Meanwhile, Wolfe asked why Sisitsky is advocating for law-breaking with the proclamation welcoming people from all backgrounds, his role as public works director in Natick, and his desire to bury a State Ethics Commission complaint against Town Manager George King.

"These are totally baseless allegations," said Sisitsky.  "Not liking me is not a qualification for being a selectman.  I take a more positive approach.  We can't cut the heart out of Framingham just because we want to cut taxes.

"We've already gone through a number of serious cuts, and if we make any more, we'd be looking at major layoffs.  I don't see that as being fiscally responsible," he said.

Esty, who got to the forum about 20 minutes late, believes she deserves to be re-elected to one of the seats, leaving Sisitsky and Wolfe to battle it out for the other opening.

"I'm running on my experience," said Esty, who is a former public works commissioner and Town Meeting member.  "I'm the selectman who listens.  I'm the one who keeps trying to work with the neighborhoods."

Wolfe downplayed Sisitsky's suggestion that a town manager should be picked by selectmen and accountable to them.  Sisitsky said the Town Meeting article asking for the change puts the town "on a slippery slope to being a city."

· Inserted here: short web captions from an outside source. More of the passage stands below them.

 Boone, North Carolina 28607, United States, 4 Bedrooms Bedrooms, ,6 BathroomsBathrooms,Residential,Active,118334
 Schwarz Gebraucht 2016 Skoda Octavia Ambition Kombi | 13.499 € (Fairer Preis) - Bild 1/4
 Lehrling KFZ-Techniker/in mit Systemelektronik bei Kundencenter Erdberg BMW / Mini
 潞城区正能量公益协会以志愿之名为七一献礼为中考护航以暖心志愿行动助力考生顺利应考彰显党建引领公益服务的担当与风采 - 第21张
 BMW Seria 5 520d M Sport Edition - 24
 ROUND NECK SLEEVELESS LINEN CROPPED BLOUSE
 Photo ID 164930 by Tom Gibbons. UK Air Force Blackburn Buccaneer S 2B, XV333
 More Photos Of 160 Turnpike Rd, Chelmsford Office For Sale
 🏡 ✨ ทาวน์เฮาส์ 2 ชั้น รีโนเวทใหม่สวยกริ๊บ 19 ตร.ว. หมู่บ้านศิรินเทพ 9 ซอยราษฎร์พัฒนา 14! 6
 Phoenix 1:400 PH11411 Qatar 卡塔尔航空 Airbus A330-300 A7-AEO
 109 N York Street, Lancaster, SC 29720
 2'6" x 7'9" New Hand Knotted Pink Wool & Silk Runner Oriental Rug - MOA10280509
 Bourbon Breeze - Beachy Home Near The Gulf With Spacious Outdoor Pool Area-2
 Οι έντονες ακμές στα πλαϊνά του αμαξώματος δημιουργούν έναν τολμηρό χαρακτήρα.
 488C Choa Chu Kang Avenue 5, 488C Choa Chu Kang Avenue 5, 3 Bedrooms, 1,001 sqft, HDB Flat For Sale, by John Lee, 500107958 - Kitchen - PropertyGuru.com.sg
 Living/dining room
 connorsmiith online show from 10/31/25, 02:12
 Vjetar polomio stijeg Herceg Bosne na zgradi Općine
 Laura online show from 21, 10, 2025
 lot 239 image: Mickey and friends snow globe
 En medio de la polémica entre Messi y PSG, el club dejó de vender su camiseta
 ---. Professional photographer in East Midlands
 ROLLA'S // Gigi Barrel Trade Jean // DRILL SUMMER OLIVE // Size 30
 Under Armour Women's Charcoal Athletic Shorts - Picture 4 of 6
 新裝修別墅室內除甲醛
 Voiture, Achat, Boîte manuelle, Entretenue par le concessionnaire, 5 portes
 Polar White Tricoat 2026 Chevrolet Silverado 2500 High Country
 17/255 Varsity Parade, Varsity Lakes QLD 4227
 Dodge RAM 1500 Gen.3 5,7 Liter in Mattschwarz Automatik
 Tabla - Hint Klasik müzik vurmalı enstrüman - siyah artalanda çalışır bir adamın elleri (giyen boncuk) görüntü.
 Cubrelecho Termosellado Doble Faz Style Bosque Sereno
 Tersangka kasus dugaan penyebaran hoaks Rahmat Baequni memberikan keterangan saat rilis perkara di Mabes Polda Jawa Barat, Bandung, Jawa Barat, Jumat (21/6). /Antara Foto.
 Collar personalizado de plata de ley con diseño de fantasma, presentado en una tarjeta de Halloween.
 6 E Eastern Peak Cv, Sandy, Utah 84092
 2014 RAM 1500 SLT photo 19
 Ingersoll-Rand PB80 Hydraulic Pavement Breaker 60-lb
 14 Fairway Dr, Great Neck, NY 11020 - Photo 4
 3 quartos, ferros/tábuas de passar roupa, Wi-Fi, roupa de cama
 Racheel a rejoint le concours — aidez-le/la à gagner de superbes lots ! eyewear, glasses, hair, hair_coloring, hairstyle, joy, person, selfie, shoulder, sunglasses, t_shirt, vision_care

"Most of the people on the board don't have the qualifications to do that job and we elect them anyway," said Wolfe.  "I don't think being town manager is that hard.  I can certainly do it.  Mr. Sisitsky could do it.  Most of you (in the audience can do it)."

And while Sisitsky and Esty noted they make regular visits to the town's Southside, Wolfe said he isn't known for such jaunts.

"I don't spend a lot of time here," he said.  "I'm from the Northside."

Wolfe sees room for a small cut in the municipal budget and a larger one on the school side.

"Teachers are overpaid," he said.  "The get paid $56,000 for a nine-month job in a town where the median income is $60,000.  They can stand a cut."